Among a rider’s possessions there is none that serves or looks so well as a pristine pair of boots. In most disciplines, riding footwear has evolved in form and function alongside modern manufacturing and fashion but choice hunting ensemble has remained largely unchanged since the early 19th century. Straight cut, English leather boots are considered the most ergonomic and aesthetically accurate for the job.
Correct hunting order is black or brown boots for autumn hunting, black boots with blue and black coats and topped boots with a red coat for hunting proper. While turnout is passably interpreted with popular Spanish cut, zip-backed boots and straight-cut, box-calf boots, such as Regent’s Pro Cotswold, which offer an economical style, neither fully match a traditional, heavyweight hunting boot when faced with the rigour of multiple seasons in the field.
A true hunting boot is made to measure out of heavy-duty wax calf, the surface of which can be restored with each wear. Also known as reverse calf, the side of the hide on the outside is from the ‘inside’ of the cow and the fibres are ‘fluffy’. By rubbing polish hard into the fibres, in a process called boning, a flat surface is engineered. If it scratches you can ‘bone’ polish into the split fibres to restore the leather and shine. Former Bicester huntsman Patrick Martin learned how to bone a glass shine ‘bliffing’ in the King’s Troop. “The principle we had to learn was you weren’t bliffing leather you were bliffing the polish on the leather.
You bone the polish to get the shine.” Ideally, one would use the shank of a red deer but any hard, curved surface works. For the boning enthusiast, cow ribs have a smooth curve and deer ribs fashioned to a point can be used for working polish into the stitching and welts.

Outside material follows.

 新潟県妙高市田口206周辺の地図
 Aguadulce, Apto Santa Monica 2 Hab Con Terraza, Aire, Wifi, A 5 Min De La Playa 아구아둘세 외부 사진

After routinely polishing his daughters’ hunting boots, farmer Mark Eyers’ talent for a shine developed into a side business, The Boot Man, restoring vintage boots. Eyers created a method of refurbishment that treats and rehydrates the leather of even very old boots. “Not wanting to get rid of a pair of boots is something I come across almost daily. People get enormously attached.” If needed, he sends the boots to be stitched or altered, then to his cobbler before selling or returning them. He has observed a growing market for the fastidiously traditional. A client brought him a pair of nearly new Maxwell’s acquired for just £200 recently. “One of the things that occupies his mind greatly is tabs on the side. One is missing and the other one has been eaten by rats. He wants them replaced and he is very, very firm about that.”
New, made-to-measure boots range from punchy to more-than-your-hunter cost prices. However, properly cared for, with trees, they can last a lifetime. Henry Maxwell and Foster & Son will set you back £8,000 and John Lobbs £9,598.80, plus £3,114 for trees. Favourites within the hunting community are Davies, Horace Batten and Schnieder. Specialists in riding boots, with not insignificant yet more attainable prices, their boots will have seen the best sport of recent generations.